Let $$\phi(t) = \sum_{n \ge 0}\frac{(b-a)^{n+1}}{(n+1)!} \left( f^{(n)}(a) \cdot t^{n+1} + f^{(n)}(b) \cdot (-1)^n (1-t)^{n+1}\right).$$ The first series in question is $\frac12(\phi(1)+\phi(0))$ and the second is $\phi(\frac12)$. The "why" is that these are equal because, in fact, $\phi$ is constant: $$\phi(t) = \int_a^bf(x) \, dx$$ for all $0 \le t \le 1$. The proof is by splitting the integral into two as $$\int_a^bf(x) \, dx = \int_a^{a(1-t)+bt}f(x) \, dx + \int_{a(1-t)+bt}^bf(x) \, dx$$ and evaluating the first by expanding $f$ as a power series about $a$ and the second by expanding $f$ as a power series about $b$. You will get $\phi(t)$ as the result.
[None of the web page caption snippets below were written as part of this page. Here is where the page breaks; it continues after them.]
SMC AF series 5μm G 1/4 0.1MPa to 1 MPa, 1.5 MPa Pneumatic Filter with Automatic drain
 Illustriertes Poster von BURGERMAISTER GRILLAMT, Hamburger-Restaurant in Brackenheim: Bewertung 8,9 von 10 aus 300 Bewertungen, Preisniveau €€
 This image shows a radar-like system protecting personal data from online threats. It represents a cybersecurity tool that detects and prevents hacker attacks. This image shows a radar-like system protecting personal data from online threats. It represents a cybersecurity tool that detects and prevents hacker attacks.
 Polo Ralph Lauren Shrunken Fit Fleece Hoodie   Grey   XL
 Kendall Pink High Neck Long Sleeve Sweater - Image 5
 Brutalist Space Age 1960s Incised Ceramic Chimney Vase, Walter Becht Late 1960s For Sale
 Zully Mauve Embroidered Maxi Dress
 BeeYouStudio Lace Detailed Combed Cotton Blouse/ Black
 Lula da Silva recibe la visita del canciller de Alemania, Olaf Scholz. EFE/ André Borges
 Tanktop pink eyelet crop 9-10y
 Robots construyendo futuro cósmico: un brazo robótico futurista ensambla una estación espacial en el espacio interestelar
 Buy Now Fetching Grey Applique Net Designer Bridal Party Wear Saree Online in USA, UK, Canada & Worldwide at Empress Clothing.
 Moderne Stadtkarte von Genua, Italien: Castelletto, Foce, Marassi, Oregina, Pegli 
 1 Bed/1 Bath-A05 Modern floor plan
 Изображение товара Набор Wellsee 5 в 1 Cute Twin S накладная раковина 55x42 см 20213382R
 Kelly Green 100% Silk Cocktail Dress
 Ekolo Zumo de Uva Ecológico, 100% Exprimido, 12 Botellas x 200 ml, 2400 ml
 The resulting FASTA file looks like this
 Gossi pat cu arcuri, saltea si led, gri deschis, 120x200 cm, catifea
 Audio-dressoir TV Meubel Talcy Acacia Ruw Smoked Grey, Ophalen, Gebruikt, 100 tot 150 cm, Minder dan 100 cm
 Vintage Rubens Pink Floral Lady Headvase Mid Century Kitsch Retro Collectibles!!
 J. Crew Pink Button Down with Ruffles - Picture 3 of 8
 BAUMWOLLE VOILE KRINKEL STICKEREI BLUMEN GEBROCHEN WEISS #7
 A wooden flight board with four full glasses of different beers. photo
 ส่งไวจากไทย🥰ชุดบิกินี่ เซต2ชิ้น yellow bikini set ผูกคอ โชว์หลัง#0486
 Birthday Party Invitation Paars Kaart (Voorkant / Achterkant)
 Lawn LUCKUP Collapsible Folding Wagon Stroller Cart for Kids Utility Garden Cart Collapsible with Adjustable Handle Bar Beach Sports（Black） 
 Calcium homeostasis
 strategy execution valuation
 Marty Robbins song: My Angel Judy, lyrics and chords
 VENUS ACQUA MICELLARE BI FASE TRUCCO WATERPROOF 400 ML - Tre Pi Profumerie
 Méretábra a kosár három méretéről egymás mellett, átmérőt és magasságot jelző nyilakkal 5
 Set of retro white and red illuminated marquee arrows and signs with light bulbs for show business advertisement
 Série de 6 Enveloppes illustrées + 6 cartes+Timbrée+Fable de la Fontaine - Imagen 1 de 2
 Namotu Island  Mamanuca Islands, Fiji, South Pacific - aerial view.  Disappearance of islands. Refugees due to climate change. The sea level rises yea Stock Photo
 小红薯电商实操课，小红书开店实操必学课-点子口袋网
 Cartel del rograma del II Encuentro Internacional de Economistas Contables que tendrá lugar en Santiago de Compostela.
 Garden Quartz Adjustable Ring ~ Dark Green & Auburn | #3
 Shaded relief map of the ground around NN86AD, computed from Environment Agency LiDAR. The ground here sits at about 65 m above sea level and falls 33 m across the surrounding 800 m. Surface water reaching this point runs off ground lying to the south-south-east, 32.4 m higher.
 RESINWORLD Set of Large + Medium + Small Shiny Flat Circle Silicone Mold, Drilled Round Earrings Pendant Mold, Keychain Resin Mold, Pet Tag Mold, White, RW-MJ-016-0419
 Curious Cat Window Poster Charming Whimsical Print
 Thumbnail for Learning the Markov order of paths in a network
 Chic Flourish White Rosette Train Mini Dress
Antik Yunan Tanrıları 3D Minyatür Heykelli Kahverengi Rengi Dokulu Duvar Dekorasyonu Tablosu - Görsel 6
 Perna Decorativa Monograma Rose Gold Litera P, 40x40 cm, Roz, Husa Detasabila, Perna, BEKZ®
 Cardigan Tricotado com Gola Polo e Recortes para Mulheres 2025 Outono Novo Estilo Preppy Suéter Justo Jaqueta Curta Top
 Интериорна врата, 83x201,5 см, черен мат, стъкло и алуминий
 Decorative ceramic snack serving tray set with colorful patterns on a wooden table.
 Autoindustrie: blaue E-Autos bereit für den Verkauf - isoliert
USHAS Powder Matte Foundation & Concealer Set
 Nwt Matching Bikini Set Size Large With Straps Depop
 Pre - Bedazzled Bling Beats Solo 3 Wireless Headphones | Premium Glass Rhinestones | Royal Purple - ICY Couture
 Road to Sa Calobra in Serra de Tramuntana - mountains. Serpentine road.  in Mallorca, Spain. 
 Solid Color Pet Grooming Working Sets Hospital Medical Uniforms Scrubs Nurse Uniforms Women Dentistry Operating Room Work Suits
Specifically, the "when" is the condition that the power series expansions $$f(x) = f(a)+f'(a)(x-a)+\frac{1}{2!}f''(a)(x-a)^2+\cdots$$ and $$f(x) = f(b)+f'(b)(x-b)+\frac{1}{2!}f''(b)(x-b)^2+\cdots$$ are valid for all $x \in [a,b]$.

At the risk of sounding totally banal, I've basically just briefly rehashed (and slightly generalized) the derivation you linked to $-$ that post in itself already gives the proof.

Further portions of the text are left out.